Yaşam elimi bir karanlığa daldırmışım gibi hissettiriyor. Ellerimi kocaman açmışım tutunacak, yaslanacak bir yer arıyorum; bazen buluyorum da ama güvenip de bırakamıyorum kendimi karanlığın bilinmezliğine. Bir şey ararcasına daldırıyorum ellerimi karanlığın dehlizlerine, bulamıyorum, zaten ne aradığımı da bilmiyorum. Hissetmeye çalışıyorum, boşluğu avuçlarımı kanatırcasına sıkıyorum ellerimi, bu sefer hissediyorum karanlığın gölgesini. Adım atmaya korkuyorum ama istiyorum da ilerlemeyi. Adım atmaktan mı korkuyorum yoksa attığım adımın son olduğu fikrine kapılmaktan mı bilmiyorum.
Ellerimi kocaman açmışım, nerede olduğumu anlamak istiyorum, yine sıkıyorum boşluğu avuçlarımda sonra anlıyorum nerede olduğumu. Hiç... Koca bir hiçlik içindeyim.
Karanlığı delecek bi ışık bekliyorum. Işık var mı yoksa ben mi göremiyorum bilmiyorum. Neyi beklediğimi bilmeden bekliyorum. Saatler geçiyor ben yine bekliyorum. Karanlığın gecesi gündüzü olmaz biliyorum ama yine de hiçliğin içine gömülmüş birilerinin sabahı beklediğine inandırıyorum kendimi. Konuşmak istiyorum ama sessizlik yutuyor bütün kelimelerimi, kendime bile duyuramıyorum sesimi.

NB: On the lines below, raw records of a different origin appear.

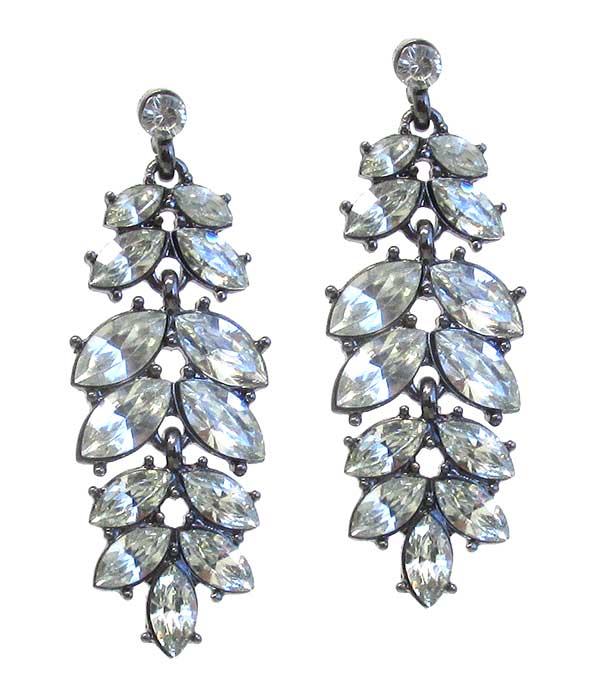 Multi marquise drop earring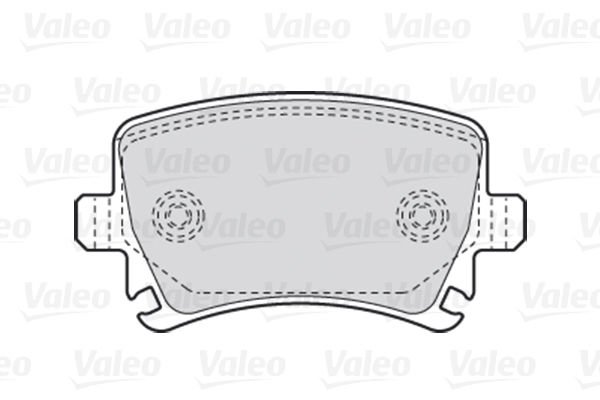 Volkswagen Passat 2005-2015 Arası 1.4 TSI Valeo Marka Arka Balata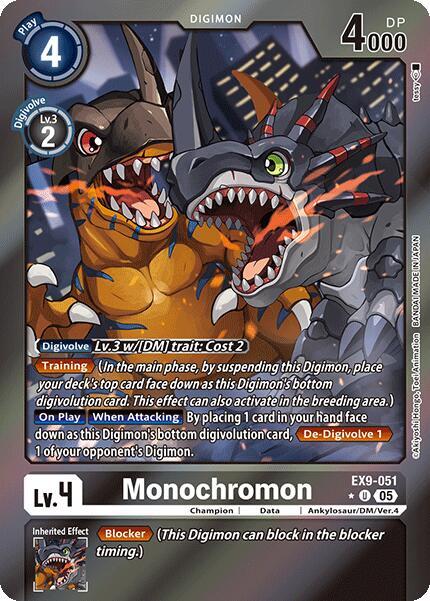 Monochromon (Limited Foil) (EX9-051 U) (EX-09)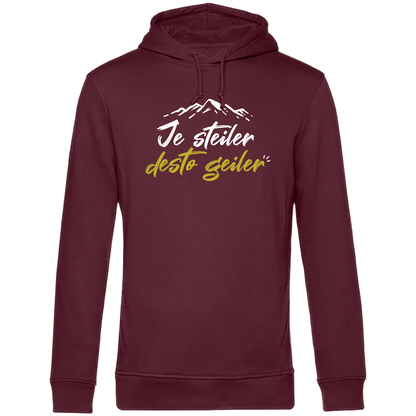 Je steiler desto geiler - Unisex Hoodie Premium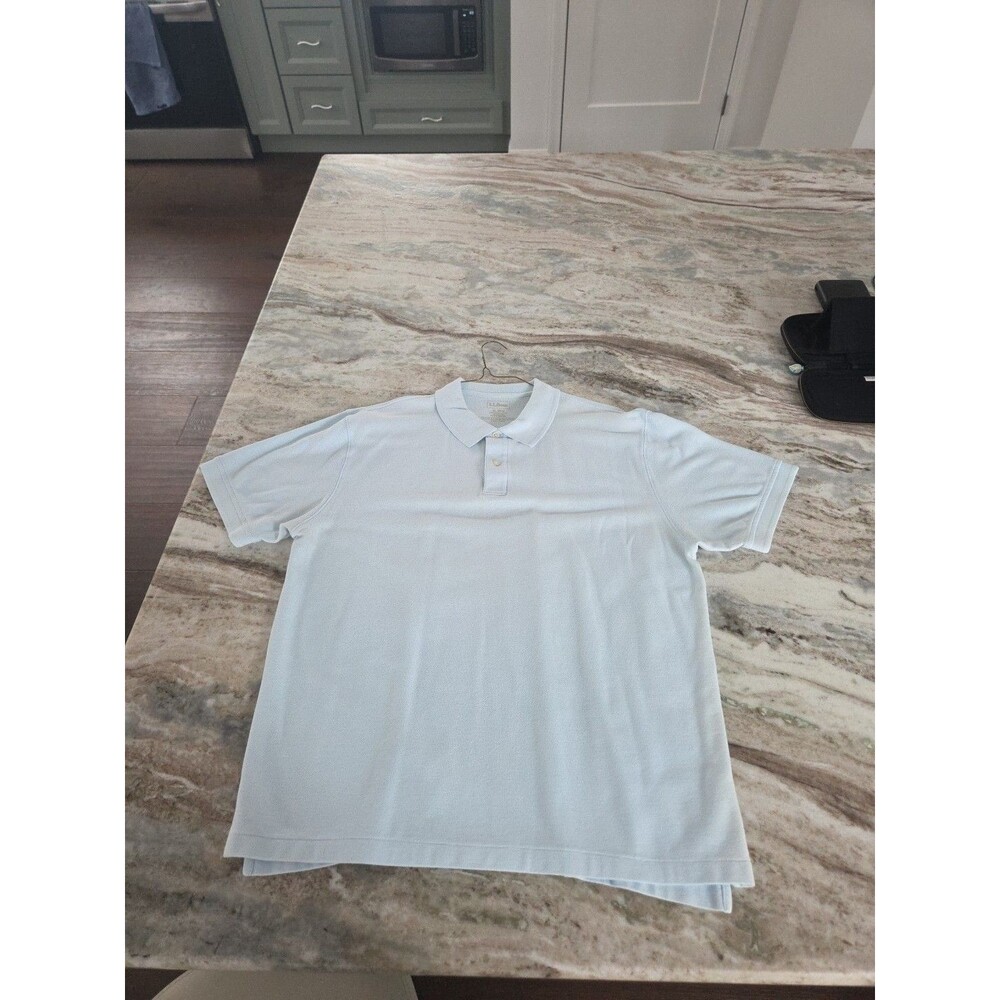 #200 L.L. LL BEAN Mens Polo Shirt XL X-Large Blue Cotton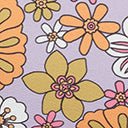 Smak Parlour Lavender Retro Bloom Bell Sleeve Wrap Top - Unique Vintage - Womens, TOPS, KNIT TOPS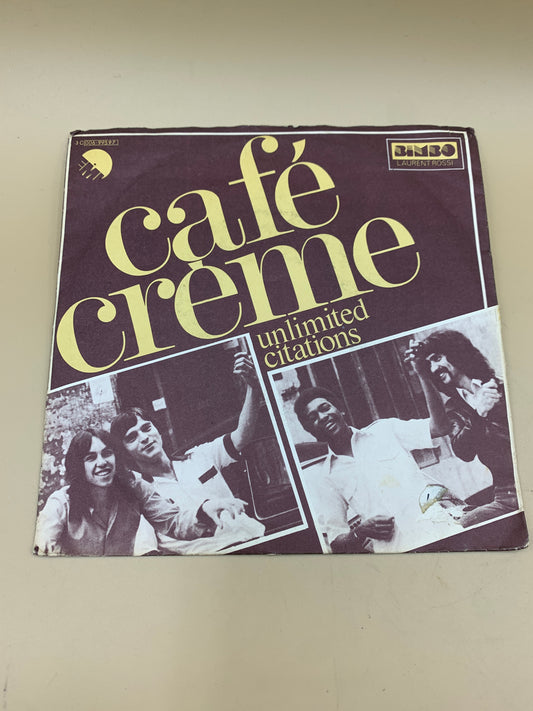 Café Creme - unlimited citations- disco vinile 45 giri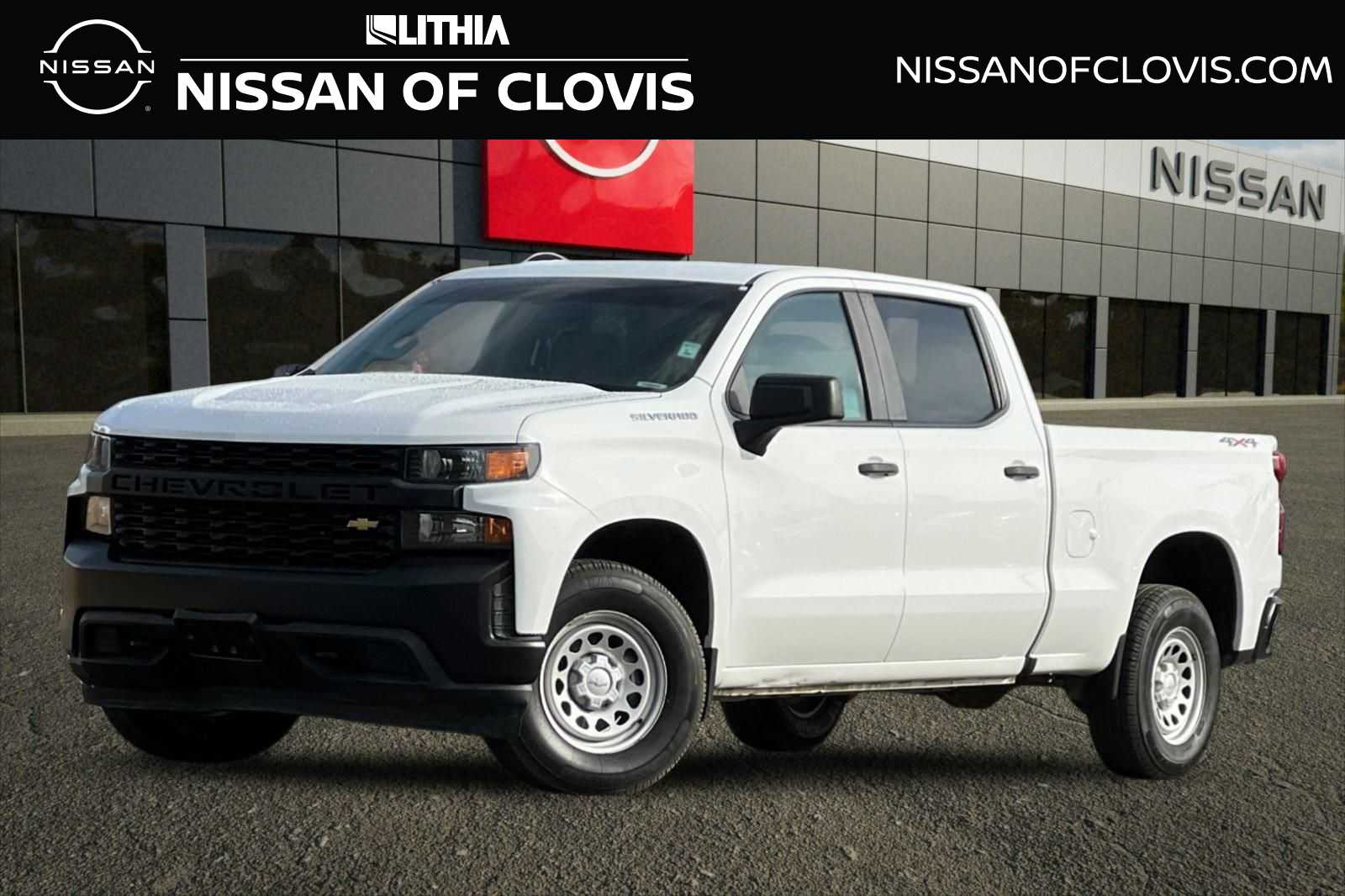 Summit White 2021 Chevrolet Silverado 1500 Work Truck Crew Cab 4WD Pickup Truck Four-Wheel Drive 6-Speed Automatic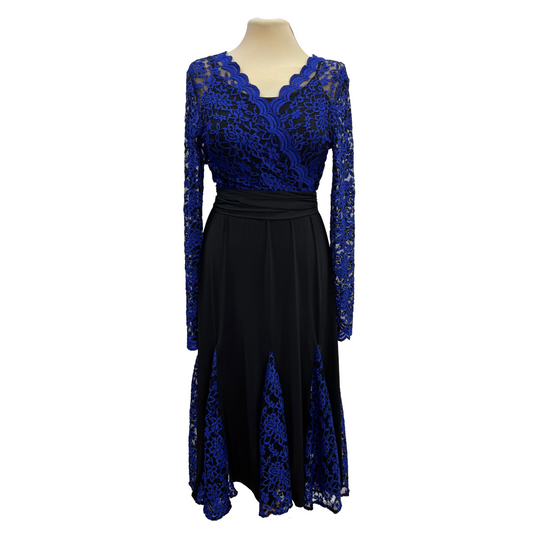 Blue Lace Ballroom Dance Skirt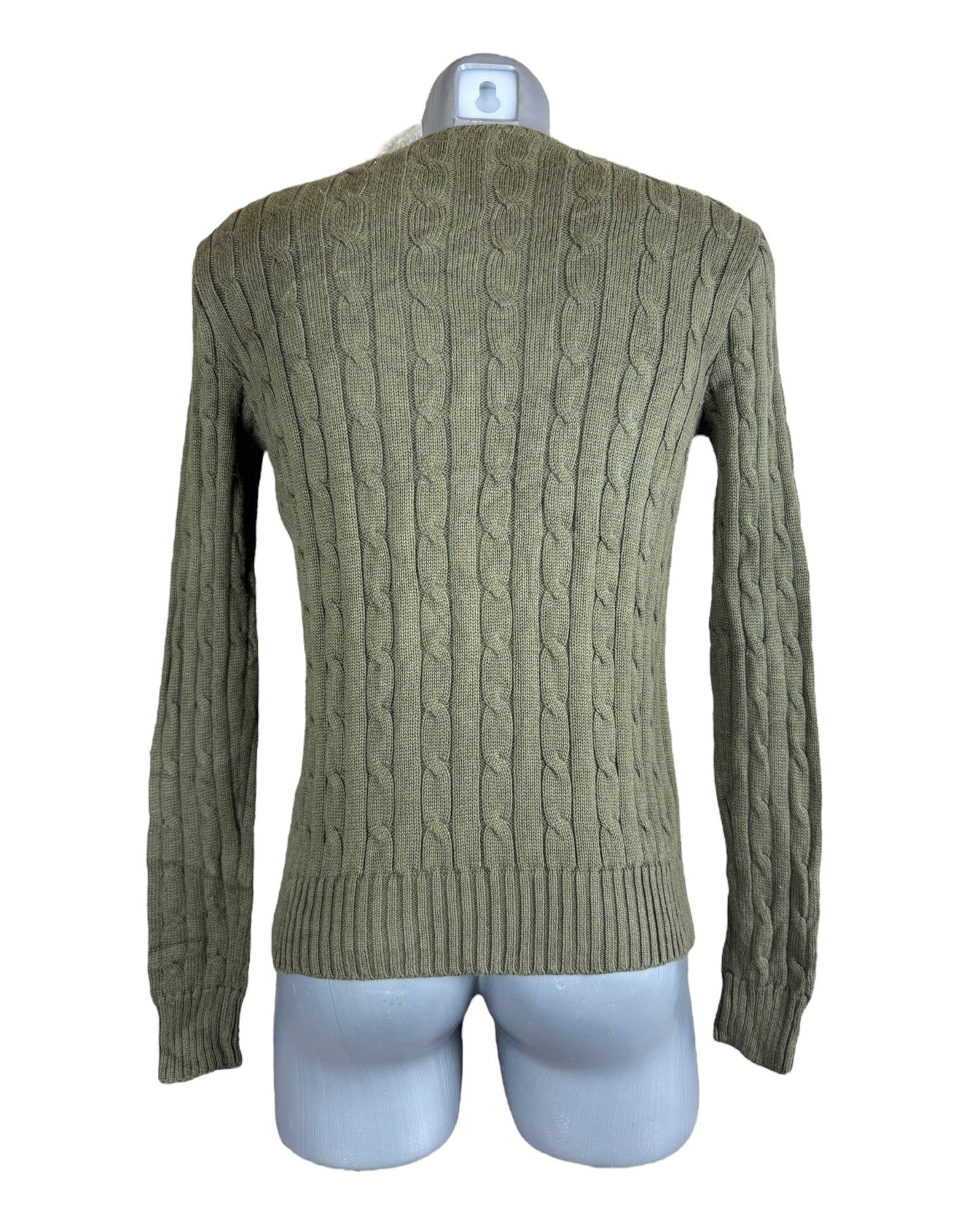 Polo Ralph Lauren Zopfmuster Pullover grün Größe M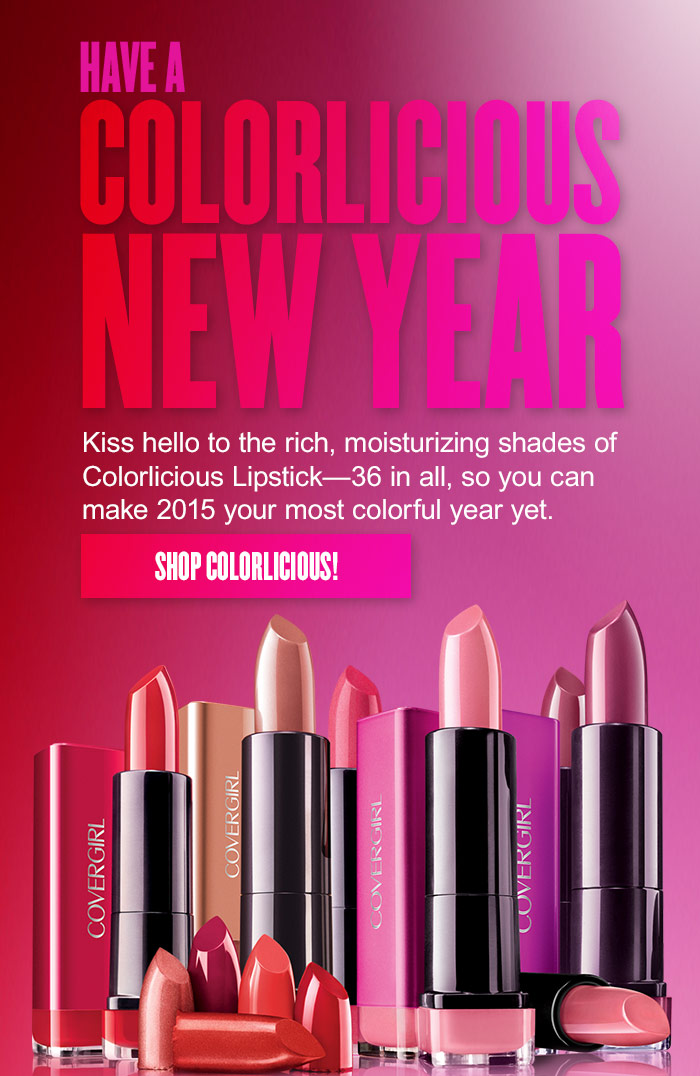 Have a Colorlicious New Year - Shop Colorlicious!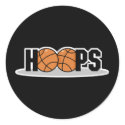 hoops basketball design stickers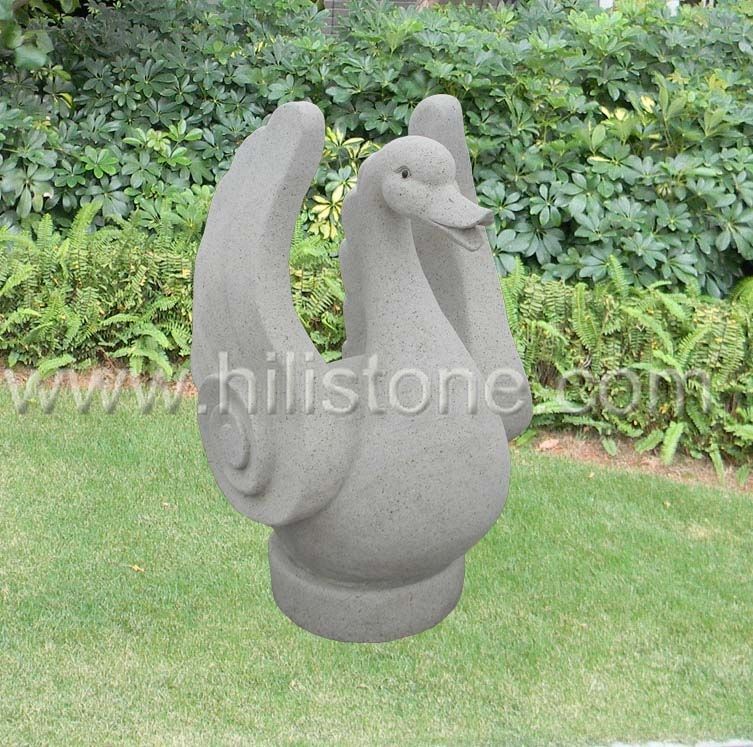 Stone Animal Sculpture Goose 2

Yaşam gömdüğü karanlıktan bir perde aralamasını da biliyor bazen içeriye bir ışık demeti süzülüyor, karanlığın içinde ellerini kocaman açmış bekleyenleri gösteriyor. Hiçliğin içinde kıvranan bir adım atsalar yeniden var olacakları gösteriyor. Aydınlık içinde olan ama kendi karanlığına gömülen, küçücük ışık demetiyle parıl parıl olan yüzler gibi nicelerini gösteriyor.
Yaşam elimi karanlığa daldırmışım gibi hissettiriyor. Avuçlarımda karanlık içimde ışıkla görmenin ne demek olduğunu unutmadan yine görünür kılmak istiyorum yaşamı.